You always swear that there aren’t five hundred words for the day.  Not five hundred words of blame or befuddlement or rambling or gratitude, or god forbid, story.  You always swear that today might just be the day that we pack it in.  Maybe that’s just the Open Sesame the mind needs to hear to get started, a little bee in the little bonnet that we can’t let win.

Of course, there’s no word from Mr. Confusion.  But, less obviously, I continue to be more or less okay with that.  Mostly because there are potential mitigating factors, but the rest of it is me forging this sense of I did what I could. I said it yesterday and the day before and I’ll say it again tomorrow.
 I tried my best.  I couldn’t have possibly done anything else and now, the way the cards are played out is out of my control.  I had a good time, I liked him, I brought him the best version of myself available and I didn’t pretend anything was otherwise.  I followed the fear and ended up being not so afraid. That’s enough. That’s more than enough, that’s a hot damn giant piece of Something.

I did get my teeth cleaned and got a good report – yes, you can see that I am the apotheosis of modern literature in this piece – four months until I go back rather than three.  Things are mild, not severe.  The hygienist is getting married and the last thing in the world she wants to do is go have her “test” makeup done, but her friend insists, so maybe after four glasses of wine it’ll be amazing! Rgghhg, I gargled in apparent sympathy, rrrghnnynn.  I didn’t mind her, talking away over my head, it was quick.

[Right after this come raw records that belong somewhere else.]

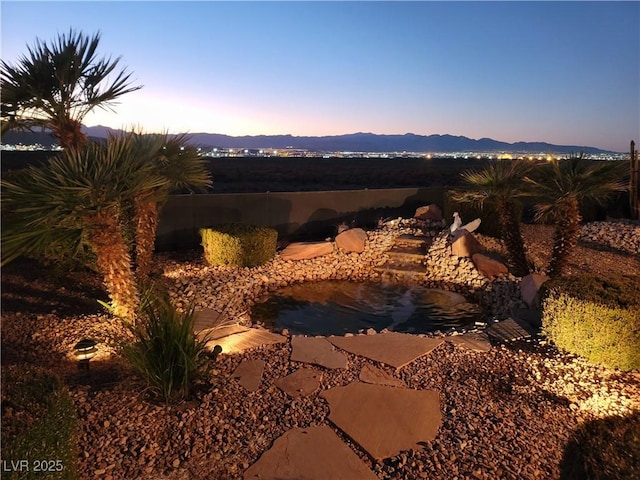 exterior space featuring a mountain view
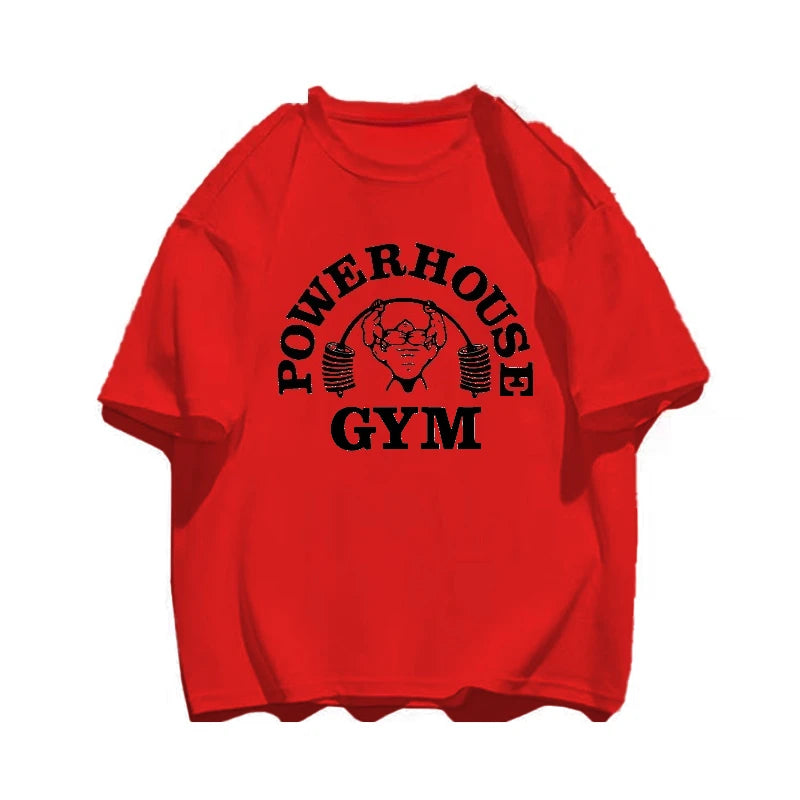 Summer Gym 100% Cotton Men's T-shirt Letter Weightlifting Printed Round Neck High Quality Street Outdoor Short Sleeve - Sun Studio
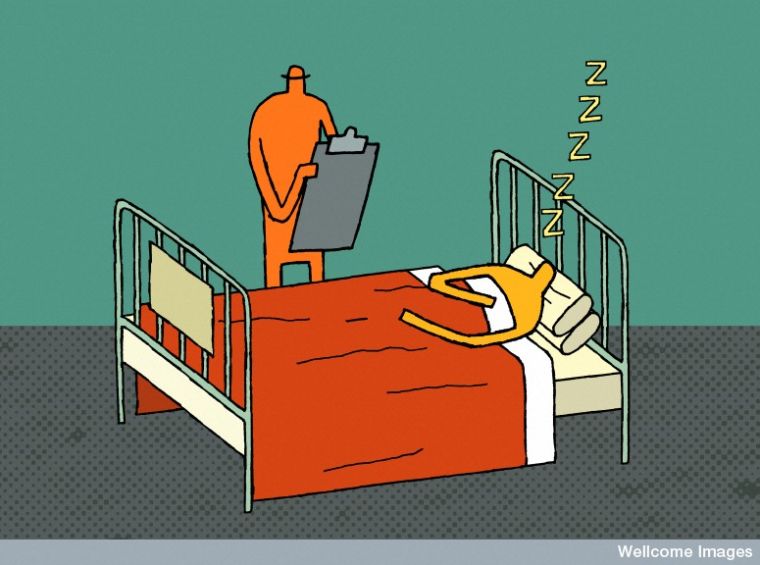 Illustration in cartoon style showing a sleeping patient and a doctor making observations on a clipboard.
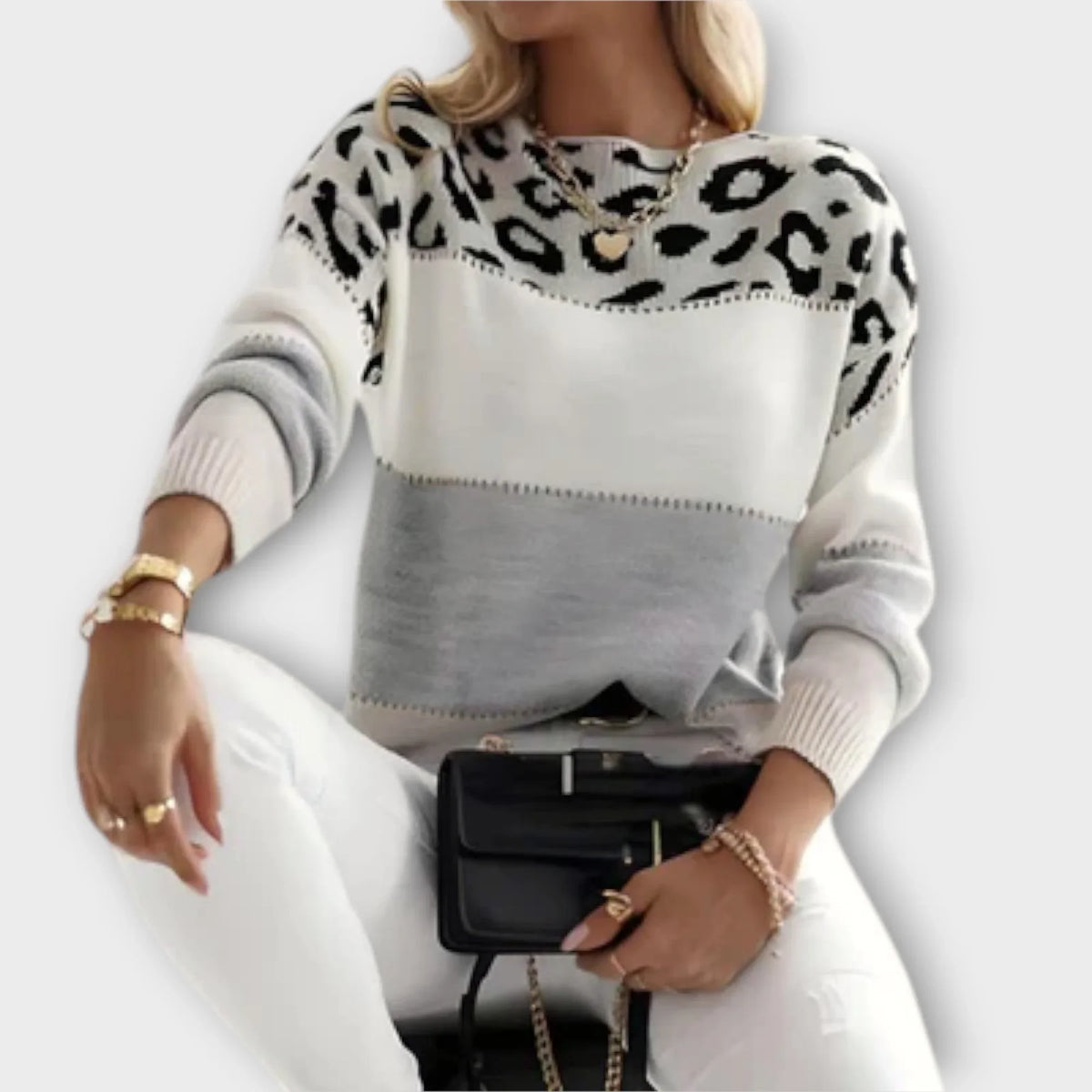 Women's leopard print color-block knit sweater with round neck long sleeves – Grey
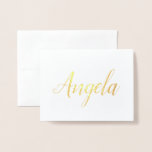 Personalisierter Name | Bridesmaid | Angela Folienkarte<br><div class="desc">Bleib drinnen,  damit du deine eigenen Gefühle schreibst.</div>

What is more notable is that after several days of non-driving, not needing to, and having the usual flutter of misgivings.  Not that I couldn’t do it, just that the panic would be unbearable.  And it’s never UNbearable, it’s just really unpleasant, it really encourages avoidance.  I figured out my route, took my time, pulled over once or twice on this road where I’ve had bad attacks before, where I’ve gone to 8 or nine on my scale of get me the fuck out of this car right now I will crash it I will kill I will…, sat in a church parking lot that looks over a stretch of highway (parallel, but not crossing the little road I meant to take) and glanced at Amanda Palmer’s recent blog post.  Her friend who I read about in her book The Art of Asking passed away this weekend.   I felt the instant, unbidden recognition of empathetic response.  To be so alive to know such loss. I looked up into the bright sun and saw a rabbit scuttling along the hot cement next to the church.  It’s okay, I thought, it’s okay.  And panicked my way down the road to the turn which made it fine again and it was fine all the rest of the way there and home.